On this journey of Mary, see p. 123. The complement with Mary appears to us to depend, not on the verb ἀπογράψασθαι, to be enrolled, as Meyer, Bleek, etc., decide, but on the entire phrase ἀνέβη ἀπογράφασθαι, he went up to be enrolled, and more especially on he went up. For, as Wieseler observes, the important point for the context is, that she went up, not that she was enrolled. And the words in apposition, being great with child, connect themselves much better with the idea of going up than with that of being enrolled.

There is great delicacy in the received reading, which has also the best support critically, his espoused wife. The substantive indicates the character in which Mary made the journey; the participle recalls the real state of things. The Alex., not having perceived this shade of thought, have wrongly omitted γυναικί.

From the last proposition of Luke 2:7, in which φάτνη, a manger, seems opposed to κατάλυμα, an inn, some interpreters have inferred that the former of these two words should here have a wider sense, and signify a stable. But this meaning is unexampled. We have merely to supply a thought: “in the manger, because they were lodging in the stable, seeing that...” The article τῇ designates the manger as that belonging to the stable. The Alex., therefore, have wrongly omitted it.

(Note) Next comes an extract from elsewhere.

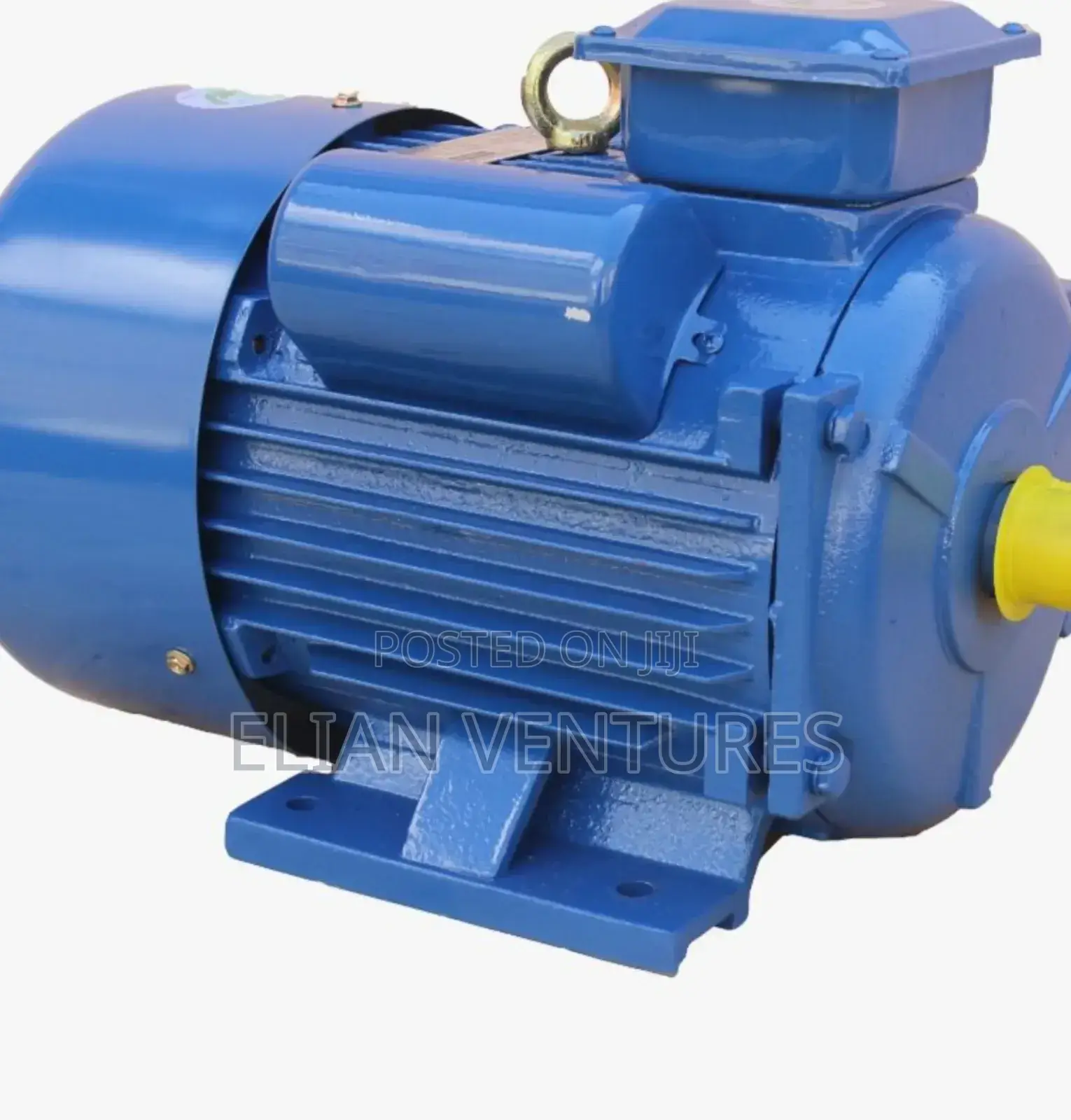 High Quality 5 Hp Low Speed Electric Motor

Did this stable form part of the hostelry? or was it, as all the apocryphal writings and Justin allege, a cave near the city? In the time of Origen, a grotto was shown where the birth of Jesus took place. It was on this place that Helena, the mother of Constantine built a church; and it is probable that the Church Mariae de Praesepio is erected on the same site. The text of Luke would not be altogether incompatible with this idea. But probably it is only a supposition, resulting on the one hand from the common custom in the East of using caves for stables, and on the other from a mistaken application to the Messiah of Isaiah 33:16, “ He shall dwell in a lofty cave,” quoted by Justin.

The expression first-born naturally implies that the writer believed Mary had other children afterwards, otherwise there would be no just ground for the use of this term. It may be said that Luke employs it with a view to the account of the presentation of Jesus in the temple as a first-born son (Luke 2:22 et seq.). But this connection is out of the question in Matthew 1:25.

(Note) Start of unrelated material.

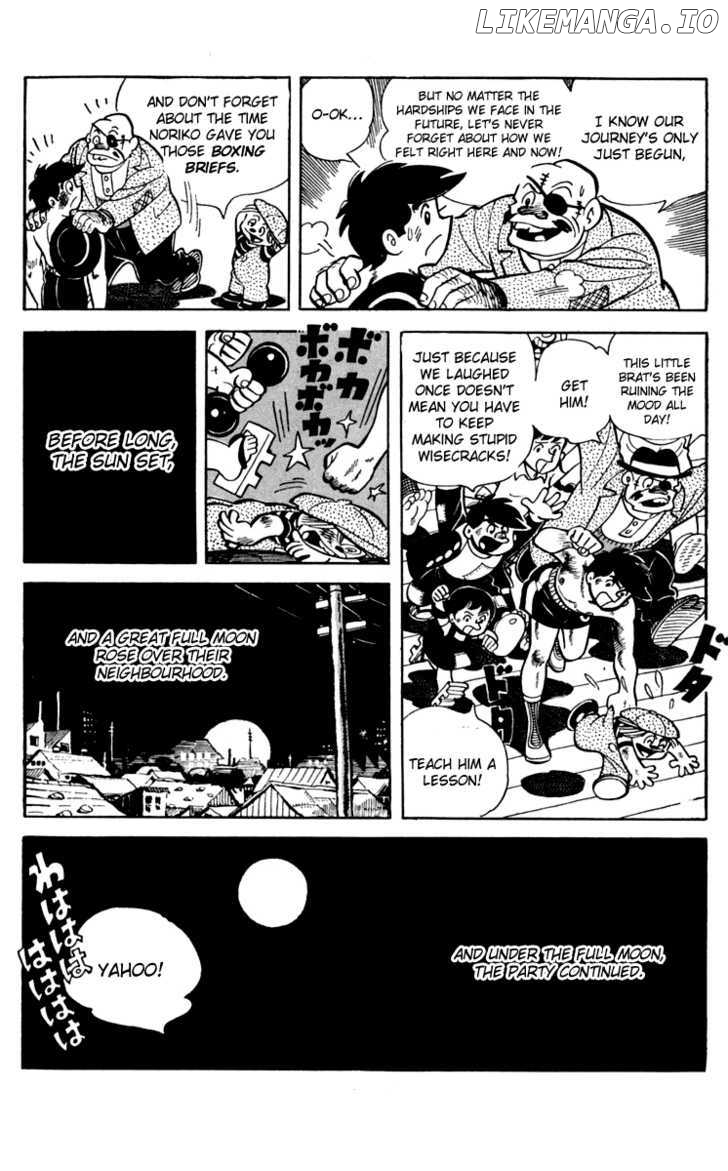 Read Ashita no Joe Manga Online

This expression proves that the composition of the narrative dates from a time posterior to the birth of the brothers and sisters of Jesus.

Thus was accomplished, in the obscurity of a stable, the fact which was to change the face of the world; and Mary's words (Luke 1:51), “ He hath put down the mighty, and exalted the lowly,” were still further verified. “ The weakness of God is stronger than men,” says St. Paul; this principle prevails throughout all this history, and constitutes its peculiar character.